**WORK ORDER:** In the material below, find the line with "Image No.6-4 Bed House for sale" and the line with "AYTM - Lampe", then output both and every line between them exactly, omitting pictures.

**DATA FOR THE TASK:**

<<<<

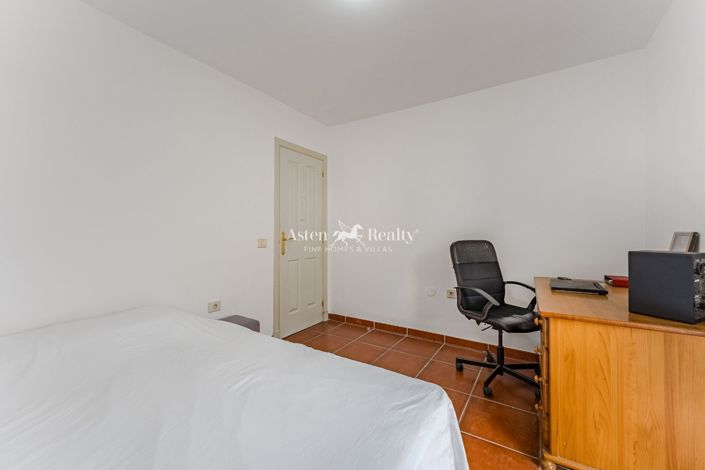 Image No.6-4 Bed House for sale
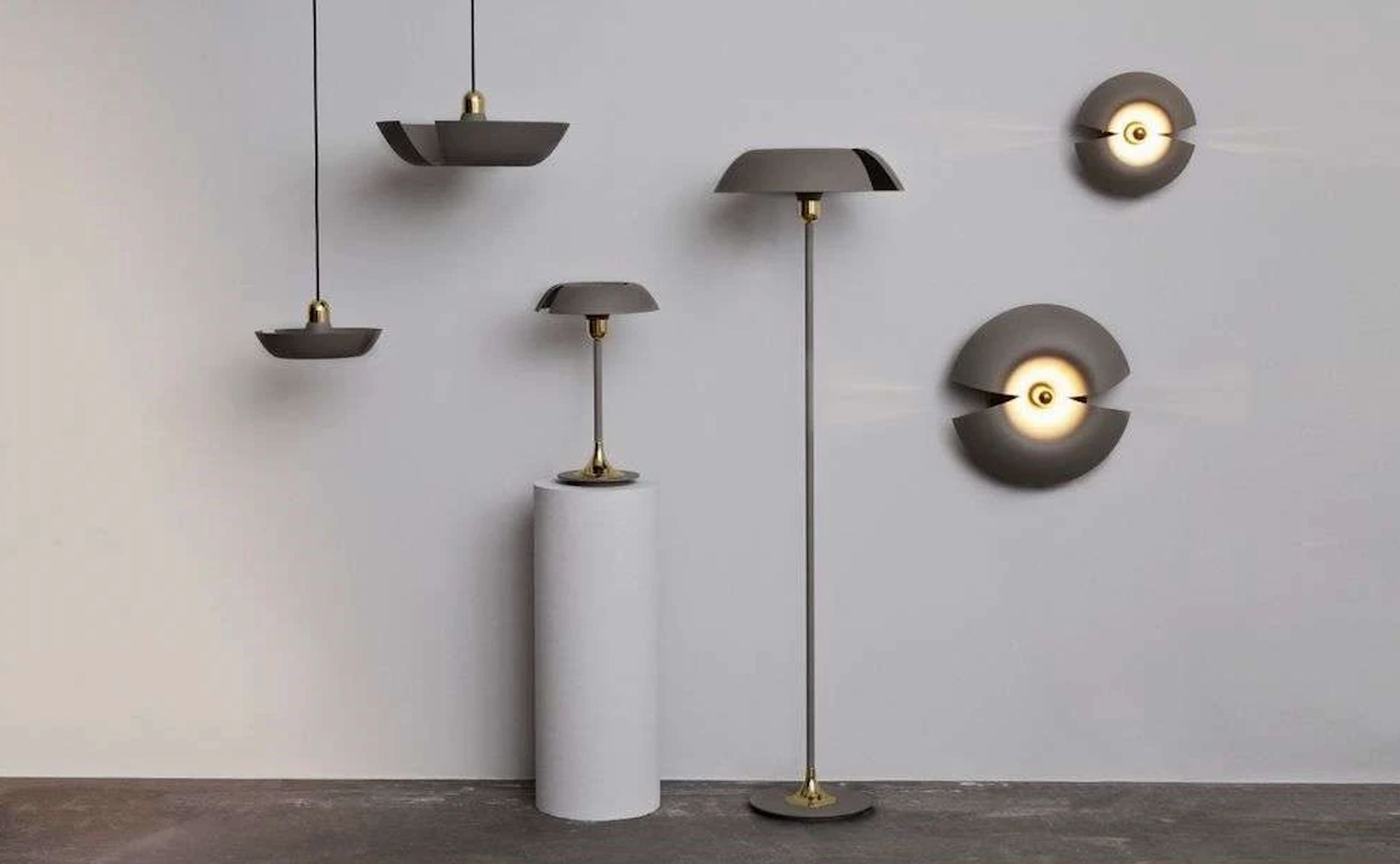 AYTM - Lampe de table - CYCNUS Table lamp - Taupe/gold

>>>>
<<<<

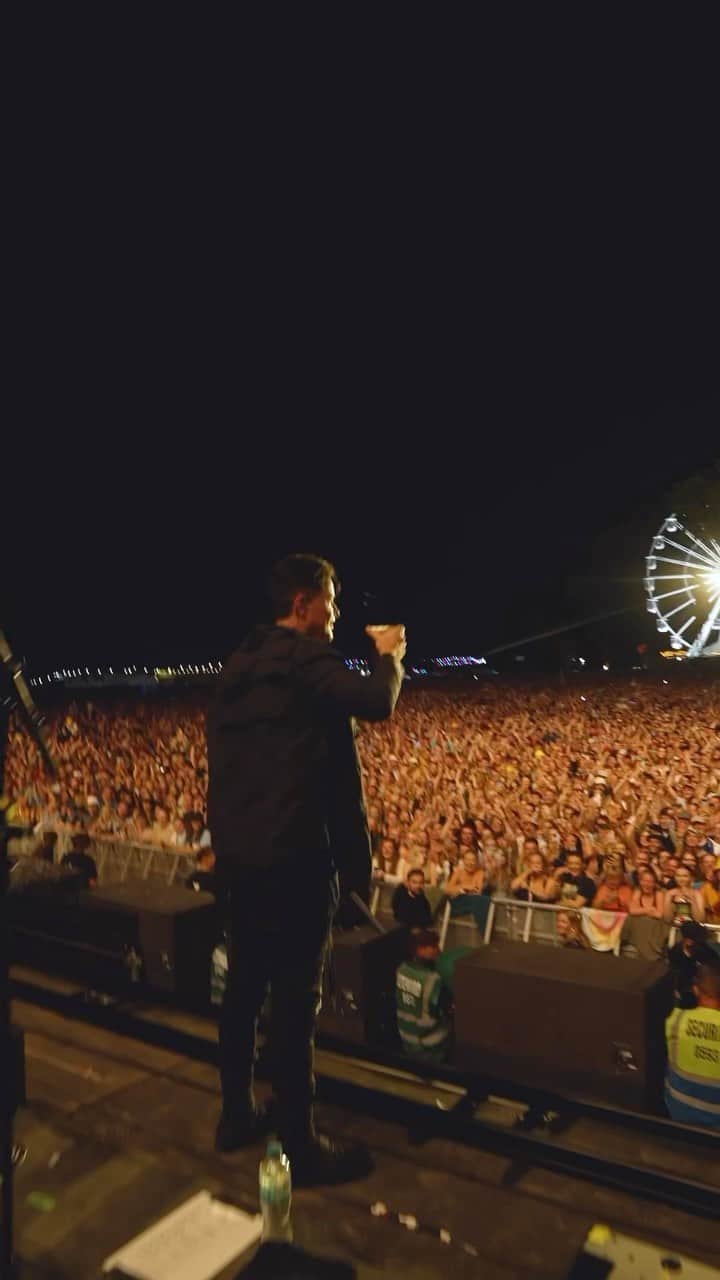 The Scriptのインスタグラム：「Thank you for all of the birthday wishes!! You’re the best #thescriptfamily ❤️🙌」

>>>>
<<<<

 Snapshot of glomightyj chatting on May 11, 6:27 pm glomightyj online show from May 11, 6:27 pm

>>>>

**RESPONSE TO THE TASK:**
 Image No.6-4 Bed House for sale
 AYTM - Lampe de table - CYCNUS Table lamp - Taupe/gold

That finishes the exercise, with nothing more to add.